Tulisan panjang dan komprehensif pun kebanyakan ditinggalkan. Enggak menjual.
Pada aspek inilah, 'ilmu' yang ditinggalkan Ben Bradlee dalam tiga film yang merekam kehidupannya di Washington Post menjadi penting. Ketika media media massa seringkali tidak lagi dipercaya dan lembar-lembar koran kerap hanya dijadikan bungkus gorengan, kisah tentang Bradlee setidaknya menyegarkan ingatan tentang tugas mendasar jurnalis: merekam, memahami dan memverifikasi.

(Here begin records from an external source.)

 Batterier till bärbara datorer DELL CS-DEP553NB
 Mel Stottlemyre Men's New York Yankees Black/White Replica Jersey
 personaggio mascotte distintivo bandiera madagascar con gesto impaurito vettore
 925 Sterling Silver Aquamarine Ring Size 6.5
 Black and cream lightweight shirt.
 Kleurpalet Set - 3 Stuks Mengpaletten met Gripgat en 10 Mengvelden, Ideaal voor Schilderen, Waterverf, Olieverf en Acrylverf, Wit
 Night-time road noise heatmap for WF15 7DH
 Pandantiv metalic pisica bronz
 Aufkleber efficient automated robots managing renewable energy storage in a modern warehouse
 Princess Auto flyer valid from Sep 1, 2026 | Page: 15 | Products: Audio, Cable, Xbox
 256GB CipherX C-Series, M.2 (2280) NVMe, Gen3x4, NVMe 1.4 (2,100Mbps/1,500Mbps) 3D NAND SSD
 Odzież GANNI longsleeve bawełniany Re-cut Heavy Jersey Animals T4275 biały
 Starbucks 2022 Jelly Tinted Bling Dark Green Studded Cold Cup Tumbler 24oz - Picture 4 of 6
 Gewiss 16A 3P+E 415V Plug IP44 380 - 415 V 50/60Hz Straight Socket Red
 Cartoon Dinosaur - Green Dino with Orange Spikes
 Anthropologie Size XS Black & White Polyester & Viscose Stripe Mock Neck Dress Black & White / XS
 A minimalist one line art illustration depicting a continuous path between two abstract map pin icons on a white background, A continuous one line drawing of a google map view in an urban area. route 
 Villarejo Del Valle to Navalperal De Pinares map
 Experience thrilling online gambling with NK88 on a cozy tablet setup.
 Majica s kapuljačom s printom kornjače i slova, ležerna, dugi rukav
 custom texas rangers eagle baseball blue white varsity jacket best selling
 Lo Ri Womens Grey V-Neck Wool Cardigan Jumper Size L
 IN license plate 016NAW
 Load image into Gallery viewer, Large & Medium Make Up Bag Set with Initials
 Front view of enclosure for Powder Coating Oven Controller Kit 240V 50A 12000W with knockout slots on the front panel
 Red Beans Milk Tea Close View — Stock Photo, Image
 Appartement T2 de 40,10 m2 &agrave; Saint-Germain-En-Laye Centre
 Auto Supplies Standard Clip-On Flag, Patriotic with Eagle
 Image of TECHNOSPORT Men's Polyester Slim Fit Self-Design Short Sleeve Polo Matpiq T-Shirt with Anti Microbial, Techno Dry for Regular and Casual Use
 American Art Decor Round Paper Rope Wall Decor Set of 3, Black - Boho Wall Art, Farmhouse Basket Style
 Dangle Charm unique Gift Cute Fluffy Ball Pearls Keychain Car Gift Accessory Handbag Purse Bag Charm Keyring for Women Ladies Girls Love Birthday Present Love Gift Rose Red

Di Indonesia, memperingati World Press Freedom Day yang jatuh pada 3 Mei 2018 lalu, Aliansi Jurnalis Independen (AJI) mengungkap persoalan-persoalan yang masih dihadapi wartawan saat ini. Setidaknya tiga persoalan klasik kembali dilontarkan Ketua AJI Abdul Manan, yakni minimnya upah, persoalan netralitas, masih maraknya kekerasan pada wartawan.
Meskipun kekerasan masih terjadi, tidak dapat dimungkiri jurnalis dan media massa jauh lebih bebas mengkritik pemerintahan saat ini, setidaknya jika dibandingkan negara tetangga seperti Filipina, SIngapura dan Myanmar. Hanya saja, tidak banyak yang serius memanfaatkan kebebasan itu untuk menghasilkan karya-karya jurnalistik yang bermutu dan hanya sekadar bekerja sesuai selera publik.
Padahal, baik di AS maupun di Indonesia, kemerdekaan pers itu sejatinya bukan batu yang jatuh dari langit. Ada pemberedelan dan ada tubuh-tubuh yang sempat terpenjara atau bahkan mati karena memperjuangkannya.